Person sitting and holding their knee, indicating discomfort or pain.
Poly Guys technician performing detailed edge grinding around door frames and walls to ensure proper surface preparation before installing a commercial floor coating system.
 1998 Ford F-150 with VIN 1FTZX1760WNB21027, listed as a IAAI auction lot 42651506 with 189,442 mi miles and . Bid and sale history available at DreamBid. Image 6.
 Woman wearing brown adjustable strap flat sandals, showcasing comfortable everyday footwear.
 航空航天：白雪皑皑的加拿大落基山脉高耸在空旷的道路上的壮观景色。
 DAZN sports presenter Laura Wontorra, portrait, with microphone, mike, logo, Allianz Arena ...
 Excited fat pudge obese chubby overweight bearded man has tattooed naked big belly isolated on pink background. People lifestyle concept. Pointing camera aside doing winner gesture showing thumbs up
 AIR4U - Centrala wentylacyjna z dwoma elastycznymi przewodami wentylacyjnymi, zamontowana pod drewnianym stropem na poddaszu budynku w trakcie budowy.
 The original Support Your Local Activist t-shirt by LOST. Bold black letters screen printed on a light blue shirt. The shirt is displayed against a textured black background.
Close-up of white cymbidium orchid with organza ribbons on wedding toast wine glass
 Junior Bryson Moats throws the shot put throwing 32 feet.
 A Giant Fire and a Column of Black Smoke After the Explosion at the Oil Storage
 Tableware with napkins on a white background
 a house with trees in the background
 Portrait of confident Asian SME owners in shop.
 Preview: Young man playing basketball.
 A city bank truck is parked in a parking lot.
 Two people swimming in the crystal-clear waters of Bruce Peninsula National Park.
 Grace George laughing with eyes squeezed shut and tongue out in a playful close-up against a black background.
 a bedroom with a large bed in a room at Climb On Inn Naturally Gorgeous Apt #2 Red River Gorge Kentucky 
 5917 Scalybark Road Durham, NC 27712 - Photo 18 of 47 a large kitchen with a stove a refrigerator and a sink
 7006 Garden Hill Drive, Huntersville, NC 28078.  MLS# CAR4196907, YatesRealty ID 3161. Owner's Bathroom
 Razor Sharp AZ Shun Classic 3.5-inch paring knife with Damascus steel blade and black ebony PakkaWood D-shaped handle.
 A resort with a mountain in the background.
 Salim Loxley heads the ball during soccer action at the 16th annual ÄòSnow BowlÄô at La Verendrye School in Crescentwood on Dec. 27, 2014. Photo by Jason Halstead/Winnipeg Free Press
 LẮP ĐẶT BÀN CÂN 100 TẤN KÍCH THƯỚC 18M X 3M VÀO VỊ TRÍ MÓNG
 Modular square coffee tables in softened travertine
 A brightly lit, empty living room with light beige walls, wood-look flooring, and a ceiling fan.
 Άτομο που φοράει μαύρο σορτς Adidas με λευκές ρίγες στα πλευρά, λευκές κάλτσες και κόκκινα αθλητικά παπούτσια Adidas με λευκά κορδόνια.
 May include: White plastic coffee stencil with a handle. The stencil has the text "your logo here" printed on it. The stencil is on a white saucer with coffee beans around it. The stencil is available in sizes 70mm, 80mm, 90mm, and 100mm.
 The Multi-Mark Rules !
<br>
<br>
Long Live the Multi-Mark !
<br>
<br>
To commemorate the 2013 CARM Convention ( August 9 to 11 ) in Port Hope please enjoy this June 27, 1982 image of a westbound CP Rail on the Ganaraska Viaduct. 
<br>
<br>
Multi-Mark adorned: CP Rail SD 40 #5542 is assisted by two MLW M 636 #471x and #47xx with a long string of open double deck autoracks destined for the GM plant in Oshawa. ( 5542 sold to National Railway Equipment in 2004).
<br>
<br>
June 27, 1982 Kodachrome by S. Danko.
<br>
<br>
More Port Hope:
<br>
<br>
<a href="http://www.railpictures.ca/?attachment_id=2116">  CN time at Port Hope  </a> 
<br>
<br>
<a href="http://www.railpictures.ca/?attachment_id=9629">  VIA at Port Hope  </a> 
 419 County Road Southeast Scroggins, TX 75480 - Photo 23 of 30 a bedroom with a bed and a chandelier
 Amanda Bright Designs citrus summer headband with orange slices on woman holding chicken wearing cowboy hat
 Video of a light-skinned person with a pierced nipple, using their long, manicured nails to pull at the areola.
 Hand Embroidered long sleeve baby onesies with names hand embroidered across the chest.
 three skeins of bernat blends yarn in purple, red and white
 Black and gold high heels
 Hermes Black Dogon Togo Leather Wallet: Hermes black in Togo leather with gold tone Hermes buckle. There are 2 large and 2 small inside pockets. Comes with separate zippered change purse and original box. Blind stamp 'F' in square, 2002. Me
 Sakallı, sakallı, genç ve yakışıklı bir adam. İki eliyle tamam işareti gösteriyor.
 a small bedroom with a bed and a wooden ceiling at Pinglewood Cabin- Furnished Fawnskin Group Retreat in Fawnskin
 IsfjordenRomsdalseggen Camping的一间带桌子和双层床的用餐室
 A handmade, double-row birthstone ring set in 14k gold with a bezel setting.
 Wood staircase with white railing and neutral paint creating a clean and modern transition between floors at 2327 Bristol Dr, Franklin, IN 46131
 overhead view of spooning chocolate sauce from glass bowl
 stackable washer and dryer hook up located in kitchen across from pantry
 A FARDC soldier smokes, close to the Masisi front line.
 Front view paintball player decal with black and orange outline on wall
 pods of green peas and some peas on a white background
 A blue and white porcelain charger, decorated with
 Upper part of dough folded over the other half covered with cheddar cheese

**Brief:** The listing above must be transcribed exactly, line by line.

**Finished task:**
Person sitting and holding their knee, indicating discomfort or pain.
Poly Guys technician performing detailed edge grinding around door frames and walls to ensure proper surface preparation before installing a commercial floor coating system.
 1998 Ford F-150 with VIN 1FTZX1760WNB21027, listed as a IAAI auction lot 42651506 with 189,442 mi miles and . Bid and sale history available at DreamBid. Image 6.
 Woman wearing brown adjustable strap flat sandals, showcasing comfortable everyday footwear.
 航空航天：白雪皑皑的加拿大落基山脉高耸在空旷的道路上的壮观景色。
 DAZN sports presenter Laura Wontorra, portrait, with microphone, mike, logo, Allianz Arena ...
 Excited fat pudge obese chubby overweight bearded man has tattooed naked big belly isolated on pink background. People lifestyle concept. Pointing camera aside doing winner gesture showing thumbs up
 AIR4U - Centrala wentylacyjna z dwoma elastycznymi przewodami wentylacyjnymi, zamontowana pod drewnianym stropem na poddaszu budynku w trakcie budowy.
 The original Support Your Local Activist t-shirt by LOST. Bold black letters screen printed on a light blue shirt. The shirt is displayed against a textured black background.
Close-up of white cymbidium orchid with organza ribbons on wedding toast wine glass
 Junior Bryson Moats throws the shot put throwing 32 feet.
 A Giant Fire and a Column of Black Smoke After the Explosion at the Oil Storage
 Tableware with napkins on a white background
 a house with trees in the background
 Portrait of confident Asian SME owners in shop.
 Preview: Young man playing basketball.
 A city bank truck is parked in a parking lot.
 Two people swimming in the crystal-clear waters of Bruce Peninsula National Park.
 Grace George laughing with eyes squeezed shut and tongue out in a playful close-up against a black background.
 a bedroom with a large bed in a room at Climb On Inn Naturally Gorgeous Apt #2 Red River Gorge Kentucky 
 5917 Scalybark Road Durham, NC 27712 - Photo 18 of 47 a large kitchen with a stove a refrigerator and a sink
 7006 Garden Hill Drive, Huntersville, NC 28078.  MLS# CAR4196907, YatesRealty ID 3161. Owner's Bathroom
 Razor Sharp AZ Shun Classic 3.5-inch paring knife with Damascus steel blade and black ebony PakkaWood D-shaped handle.
 A resort with a mountain in the background.
 Salim Loxley heads the ball during soccer action at the 16th annual ÄòSnow BowlÄô at La Verendrye School in Crescentwood on Dec. 27, 2014. Photo by Jason Halstead/Winnipeg Free Press
 LẮP ĐẶT BÀN CÂN 100 TẤN KÍCH THƯỚC 18M X 3M VÀO VỊ TRÍ MÓNG
 Modular square coffee tables in softened travertine
 A brightly lit, empty living room with light beige walls, wood-look flooring, and a ceiling fan.
 Άτομο που φοράει μαύρο σορτς Adidas με λευκές ρίγες στα πλευρά, λευκές κάλτσες και κόκκινα αθλητικά παπούτσια Adidas με λευκά κορδόνια.
 May include: White plastic coffee stencil with a handle. The stencil has the text "your logo here" printed on it. The stencil is on a white saucer with coffee beans around it. The stencil is available in sizes 70mm, 80mm, 90mm, and 100mm.
 The Multi-Mark Rules !
<br>
<br>
Long Live the Multi-Mark !
<br>
<br>
To commemorate the 2013 CARM Convention ( August 9 to 11 ) in Port Hope please enjoy this June 27, 1982 image of a westbound CP Rail on the Ganaraska Viaduct. 
<br>
<br>
Multi-Mark adorned: CP Rail SD 40 #5542 is assisted by two MLW M 636 #471x and #47xx with a long string of open double deck autoracks destined for the GM plant in Oshawa. ( 5542 sold to National Railway Equipment in 2004).
<br>
<br>
June 27, 1982 Kodachrome by S. Danko.
<br>
<br>
More Port Hope:
<br>
<br>
<a href="http://www.railpictures.ca/?attachment_id=2116">  CN time at Port Hope  </a> 
<br>
<br>
<a href="http://www.railpictures.ca/?attachment_id=9629">  VIA at Port Hope  </a> 
 419 County Road Southeast Scroggins, TX 75480 - Photo 23 of 30 a bedroom with a bed and a chandelier
 Amanda Bright Designs citrus summer headband with orange slices on woman holding chicken wearing cowboy hat
 Video of a light-skinned person with a pierced nipple, using their long, manicured nails to pull at the areola.
 Hand Embroidered long sleeve baby onesies with names hand embroidered across the chest.
 three skeins of bernat blends yarn in purple, red and white
 Black and gold high heels
 Hermes Black Dogon Togo Leather Wallet: Hermes black in Togo leather with gold tone Hermes buckle. There are 2 large and 2 small inside pockets. Comes with separate zippered change purse and original box. Blind stamp 'F' in square, 2002. Me
 Sakallı, sakallı, genç ve yakışıklı bir adam. İki eliyle tamam işareti gösteriyor.
 a small bedroom with a bed and a wooden ceiling at Pinglewood Cabin- Furnished Fawnskin Group Retreat in Fawnskin
 IsfjordenRomsdalseggen Camping的一间带桌子和双层床的用餐室
 A handmade, double-row birthstone ring set in 14k gold with a bezel setting.
 Wood staircase with white railing and neutral paint creating a clean and modern transition between floors at 2327 Bristol Dr, Franklin, IN 46131
 overhead view of spooning chocolate sauce from glass bowl
 stackable washer and dryer hook up located in kitchen across from pantry
 A FARDC soldier smokes, close to the Masisi front line.
 Front view paintball player decal with black and orange outline on wall
 pods of green peas and some peas on a white background
 A blue and white porcelain charger, decorated with
 Upper part of dough folded over the other half covered with cheddar cheese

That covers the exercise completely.